August puts his hand on Vale's arm. Gently. Firmly.
"That was me a few weeks ago," August says.
Vale's jaw tightens. The truth of it lands. August can see it register, can see the brief war between protectiveness and principle, and after a moment, his hand eases from his sword. He doesn't relax. He probably won't relax until the man is gone. But he stops moving toward confrontation.
"Wait here," August says. "Please."
"August..."
"Trust me."
The words that have carried them through everything. The words that Vale asked of him in a warehouse, on a subway platform, at the doors of the Cathedral. August has never asked them of Vale before, and the weight of the reversal is visible in the way Vale's expression shifts. From guarded resistanceto something more complicated, something that holds fear and respect and the hard-won understanding that trust, between them, has to go both ways.
Vale nods. Once. His jaw is still tight, his posture still alert, but he stays where he is.
August walks toward the man under the dead tree.
The cemetery grass is soft beneath his feet. The evening light filters through the living trees around him, casting patterns on the ground, but as he approaches the bare oak the light seems to thin. Not darken, but recede, as though the space around this man exists at a slight remove from the rest of the world. The air is cooler here. Not cold, not the aggressive, pressing cold of a rift or the ambient chill of concentrated death energy. Something gentler. The temperature of deep earth. Of quiet places. Of rest.
August stops a few feet from the man and looks at him.
Up close, the details are sharper. The dark eyes are not brown or black but something deeper. The color of the space between stars, carrying a stillness that makes August's death magic go very, very quiet. Not retreating. Not afraid. Simply recognizing. The way a river recognizes the ocean.
"Hello," August says.
The man takes a slow drag of his cigarette. The tip flares, not orange but a deep, cold blue, and the smoke that he exhales curls around the oak's bare branches.

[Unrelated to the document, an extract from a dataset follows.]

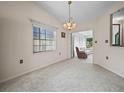 Open dining room showcasing neutral walls and plush carpet, perfect for entertaining or Gathering meals at 537 Eagle Run, Lakeland, FL 33809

"I've been watching you," the man says. His voice is low, unhurried, carrying an accent that August can't place because it doesn't belong to any living language. "For some time now."
"Watching me?"
"Your work." The man taps ash from his cigarette, and where it falls on the grass, small white flowers bloom and wither in the space of a breath. "I've never seen anyone do what you do the way you do it. Fourteen years of speaking to the dead, and you've never once treated them as anything less than people." His darkeyes study August with an attention that feels encompassing. Not threatening, but total. "Do you know how rare that is?"
"I only want to help," August says, and means it the way he means everything that matters. Simply, without qualification.
"I know." The man smiles. It's a strange smile. Warm and sad and very old, carrying the particular gentleness of someone who has seen every kindness and every cruelty the world has produced and has chosen, despite it all, to value the former. "That's why I'm here."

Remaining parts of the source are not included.